Put more fish on your dish to help you feel at ease. A diet rich in omega-3 fatty acids helps keep cortisol and adrenaline from spiking when you’re feeling tense. Salmon is one of the very best sources of omega-3s: Consuming 4 ounces at least three times a week goes a long way towards protecting your heart when those stress hormones are surging.
Make like Popeye and fill up on spinach. Leafy greens may not be your idea of comfort food, but spinach can have a comforting effect. Spinach is packed with magnesium, the mineral that helps regulate cortisol levels and promote feelings of wellbeing. A mere cup of spinach fills 40 percent of your daily quota, so slip some in with your morning eggs, swap for lettuce in your sandwich, have a salad, steam it as a side dish,or drop a handful of leaves into your soup.
That sleepy feeling you get after eating Thanksgiving dinner is due to the amino acid tryptophan found in turkey. Tryptophan signals the brain to release the feel-good chemical serotonin, which promotes calmness and even tiredness.
Oatmeal is another food that helps get the calm-inducing hormone serotonin flowing. Go with thick-cut, old fashioned oats that require cooking instead of instant oatmeal. Why? Coarse oats are higher in fiber and so they take longer to digest (meaning their calming effect actually lasts longer).
The next time you feel overwhelmed, eat your way calm by putting these superfoods on your plate.
Other foods that may help
Eat a varied and balanced diet with high quality, nutrient-dense carbohydrates, fats, and proteins.
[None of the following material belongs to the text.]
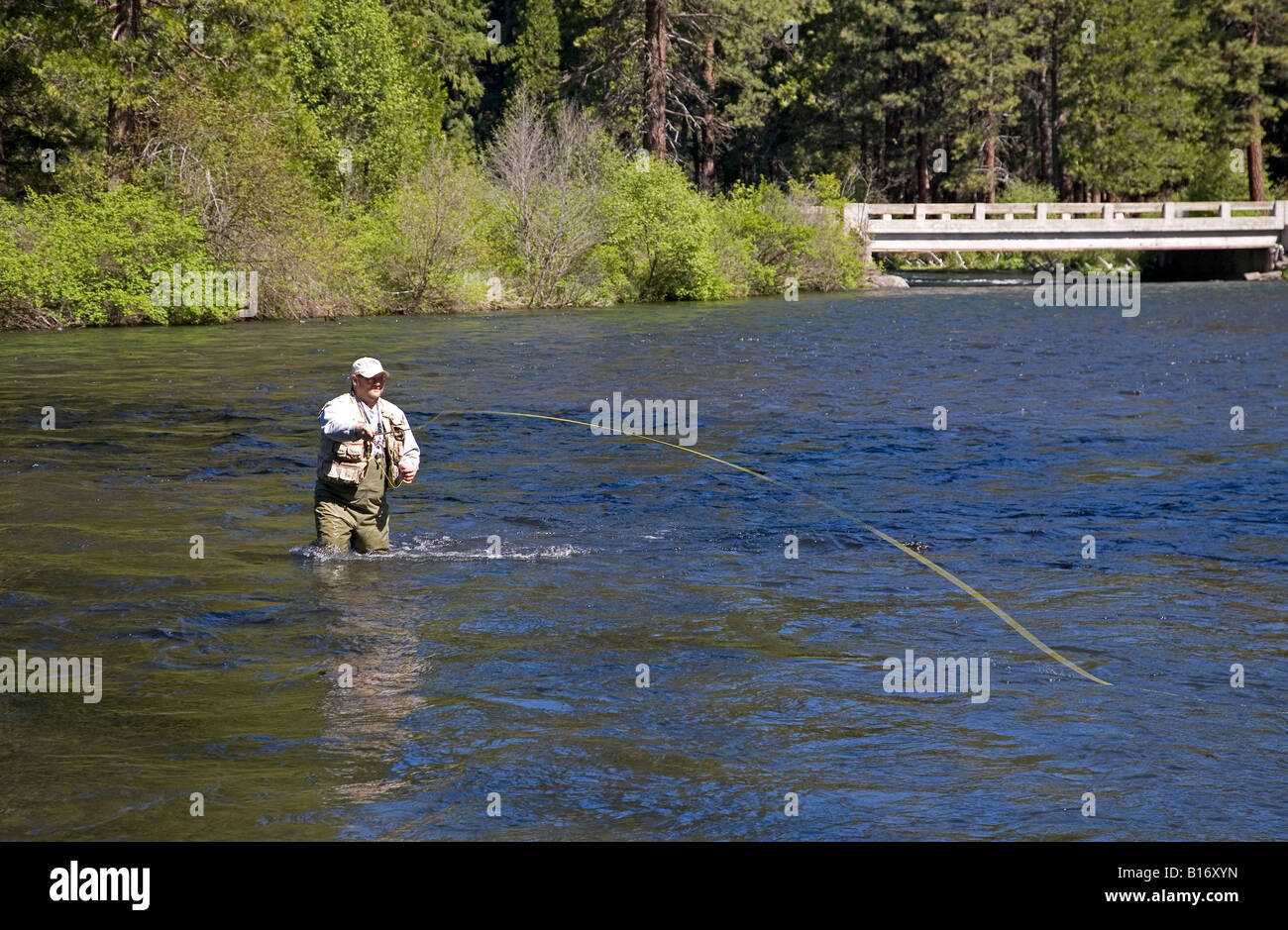 USA OREGON SISTERS A fly fisherman casts an artificial insect for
Aim for whole foods, vegetables, fruit, legumes, whole grains, lean meats, and especially fish. Other foods that may help include:
Turkey and other tryptophan-containing foods such as eggs, dark chocolate, cheese, pineapple, bananas, oats, and tofu.
Nuts, especially almonds are an excellent source of vitamin E. Vitamin E deficiency has been linked to mood disorders.
- Chia seeds are also a good source of omega-3s.
- Protein sources, such as lean meat, fish, nuts, and dairy all provide amino acids, which the body converts into the mood-lifting neurotransmitters, such as serotonin.
- Spinach and Swiss chard are both high in magnesium.
- Cinnamon provides anti-inflammatory properties
Evidence increasingly shows that diets high in processed foods can increase anxiety.